A captivating, milk chocolate taste
Offering a milky, caramel profile, this a superb option for chefs, bakers and chocolatiers alike. A light, autumn-like brown colour also ensures the finished look of your creation will match the milky, sweet taste.
Technical Specifications
A 100% cacao, no added sugar, high fat alkalised powder.
- Flavour profile: A rounded chocolate taste with notes of caramel, whole milk and almond.
- Colour (see pictures above for wet and dry differences): Warm autumnal brown
- PH level: 6.8-7.2
- Fat content: 22-24%
- Origin: Finest quality West African beans.

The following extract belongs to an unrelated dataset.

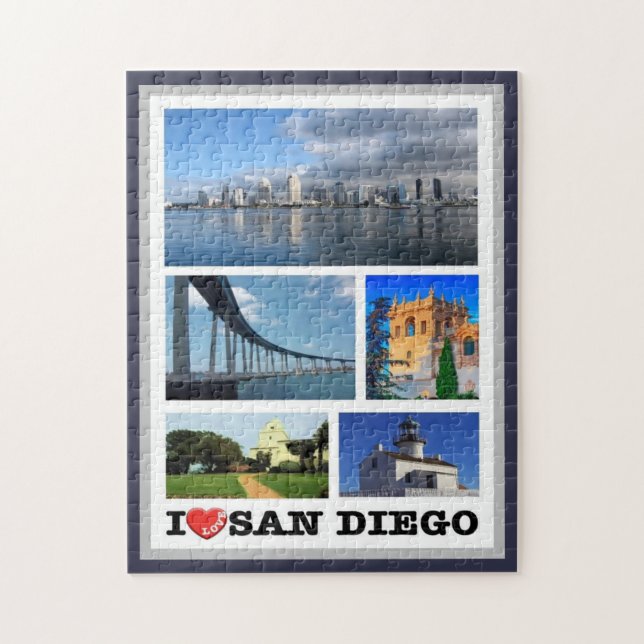 Puzzle San Diego - I Love - États-Unis - (Vertical)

- Particle size / fineness: Minimum 99.6% particle size <75μm. The finer the powder, the better the flavour release, smoothness and consistent colour achieving the best aesthetic results.
- Moisture: Maximum 4.5%
- Dispersibility: Standard for alkalised powder.

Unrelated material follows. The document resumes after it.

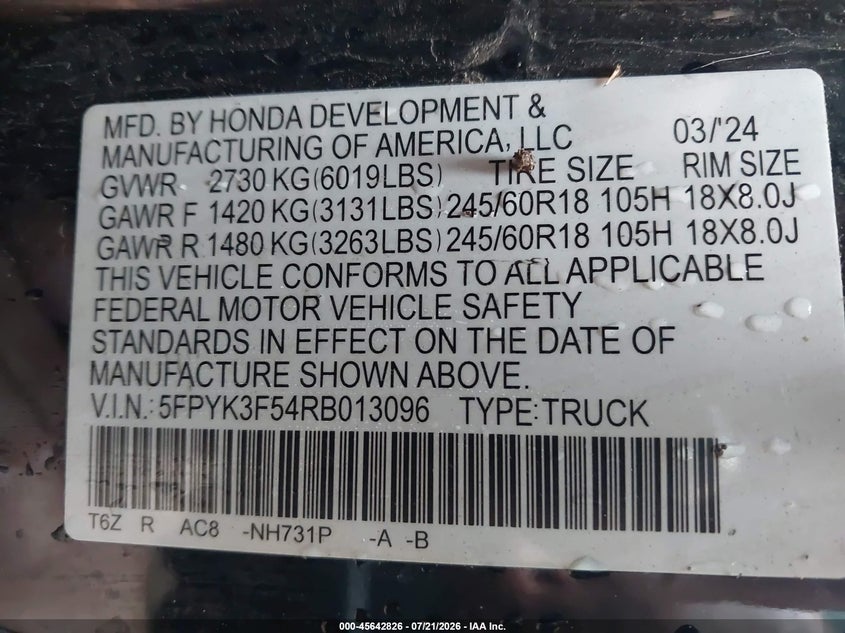 HONDA RIDGELINE 2024 VIN 5FPYK3F54RB013096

- Applications: Multi-application, this can be used in all recipes with positive outcomes.
- Packaging: Resealable and recyclable.
Fat content, and why it matters
Much like the varieties of chocolate, fat content varies between each type of cacao powder. A high fat content creates a more rounded mouthfeel and less astringent flavours. A low fat content means the natural bitterness and fruit flavours of the cacao have a much stronger presence, with a lower level of sweetness. This particular powder has a high fat content of 22-24% meaning the smoother texture compliments the silky, caramel flavour.